Da hilft auch wenig, dass die Verfassung demokratisch ist und sich die indische Regierung nicht von China vereinnahmen lässt. Ashoka Mody besorgt vor allem auf den indischen Protektionismus und das Fehlen eines Freihandelsabkommens: "Indiens Zölle sind hoch. Das Land lässt sich deshalb nur schwer in Lieferketten integrieren." Auch deutsche Unternehmen sehen Tendenzen zu einer protektionistischen Politik. Die Regierung unter Premierminister Narendra Modi zeige gute Ansätze, lässt aber Entschlossenheit vermissen. Das lässt sich auch in Zahlen messen: Zuletzt vielen die ausländischen Direktinvestitionen zum ersten Mal seit über zehn Jahren – um 16 Prozent auf 71 Milliarden Dollar.

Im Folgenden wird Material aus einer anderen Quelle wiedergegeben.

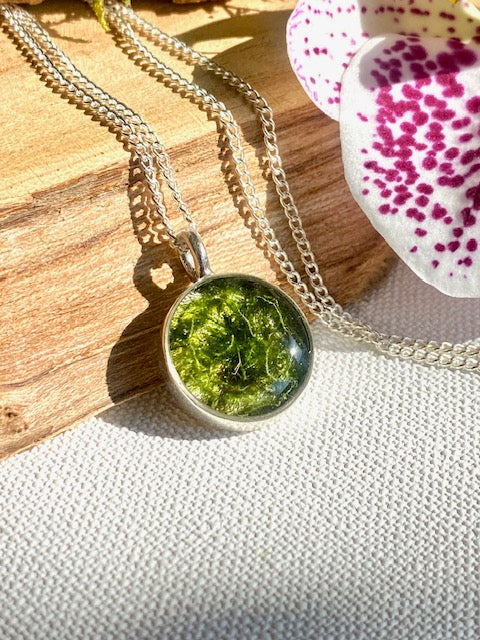 Beautiful silver-plated round pendant with moss.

Bei Siemens klingt das alles etwas positiver, was mit der jüngsten Mega-Bestellung von 1200 Elektroloks durch die indische Eisenbahn zu tun haben könnte. Der Münchener Konzern sieht klare Verbesserungen rund um die Ausschreibungen. Manager aus der Autobranche warnen hinter vorgehaltener Hand vor zu hohen Erwartungen an Indien. Es sei ein "uneingelöstes Versprechen" für die Branche – lediglich eine Ergänzung zu China, beileibe kein Ersatz. Volkswagen lieferte 2022 ganze 100.000 Autos nach Indien, in China waren es etwa 3,2 Millionen. Da ist für Robert Habeck also noch viel zu tun. Immerhin: Er ist seit vielen Jahren der erste Bundeswirtschaftsminister, der sich in Indien sehen lässt.